Lehman Center for the Performing Arts celebrates its 31st season with the return of THE O'JAYS, on Saturday, January 14, 2012 at 8pm. Still going strong, the O'Jays epitomized the Philly sound with their smooth, rich harmonies, elaborate arrangements, and a touch of contemporary funk. With 24 Top Ten hits, including "Love Train," "Backstabbers," "Use Ta Be My Girl" and "For the Love of Money," they have earned ten gold albums, with nine going platinum; ten #1 hits; and induction into the Rock and Roll Hall of Fame in 2005.

Lehman Center for the Performing Arts is on the campus of Lehman College/CUNY at 250 Bedford Park Boulevard West, Bronx, NY 10468.

Tickets for THE O'JAYS on Saturday, January 14, 2012 at 8pm are $65, $60, and $55 and can be purchased by calling the Lehman Center box office at 718.960.8833 (Monday through Friday, 10am–5pm and beginning at 12 noon on the day of the concert), or through 24-hour online access at www.LehmanCenter.org. Lehman Center is accessible by #4 or D train to Bedford Park Blvd. and is off the Saw Mill River Parkway and the Major Deegan Expressway. Low-cost on-site parking available for $5.

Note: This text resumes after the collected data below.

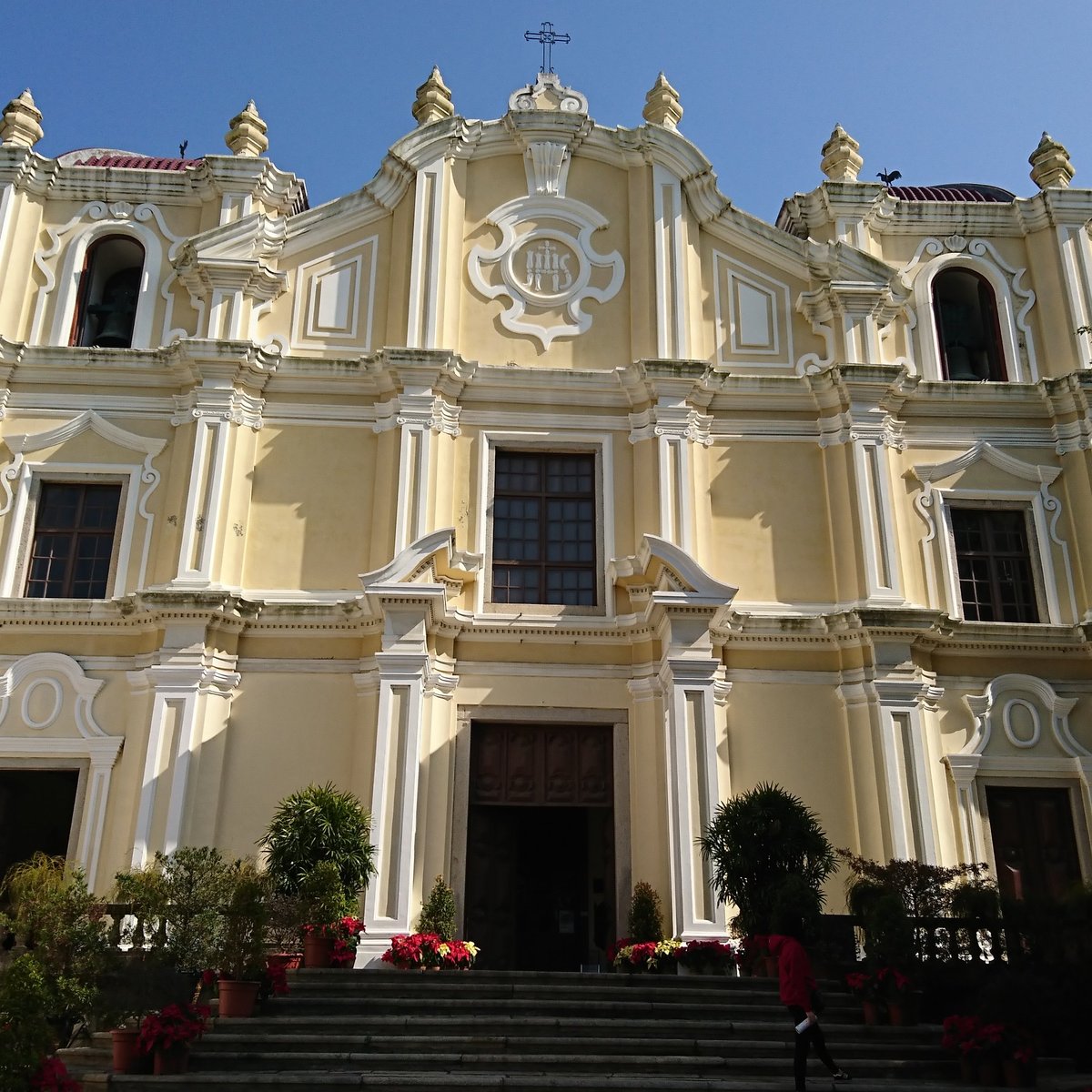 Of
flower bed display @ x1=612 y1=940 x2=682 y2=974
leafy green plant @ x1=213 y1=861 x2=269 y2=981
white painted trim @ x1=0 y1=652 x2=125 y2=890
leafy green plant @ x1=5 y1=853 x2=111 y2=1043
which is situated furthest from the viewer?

The O'Jays began in 1958 in Canton, OH, when five high school classmates, Eddie Levert, Walter Williams, William Powell, Bill Isles, and Bobby Massey, started a singing group after seeing Frankie Lymon and the Teenagers. A regionally popular group in Cleveland (and named after local deejay Eddie O'Jay, who gave them airplay and career advice), the group was together for a decade before getting a major break by teaming with young songwriters/producers Kenny Gamble and Leon Huff. A trio, after Isles and Massey quit, the group's first album on Gamble & Huff's Philadelphia International Records, 1972's Backstabbers, became a landmark of Philly soul and made them stars. The title song made Top Five on the pop charts, and "Love Train" went all the way to #1, with both singles topping the R&B charts. It was the beginning of a remarkable union that produced nearly 30 chart singles during the '70s, plus a series of best-selling albums and numerous #1 R&B hits. The O'Jays followed their breakthrough with another classic album, 1973's Ship Ahoy, featuring one of their signature songs (and theme song of the NBC hit "The Apprentice"), the #1 R&B hit "For the Love of Money." 1975's Survival was another smash, spinning off the hit "Let Me Make Love to You" and the R&B #1 "Give the People What They Want." For Family Reunion, the group incorporated the emerging disco sound with their own on their third Top Five pop charts hit, "I Love Music, Pt. 1."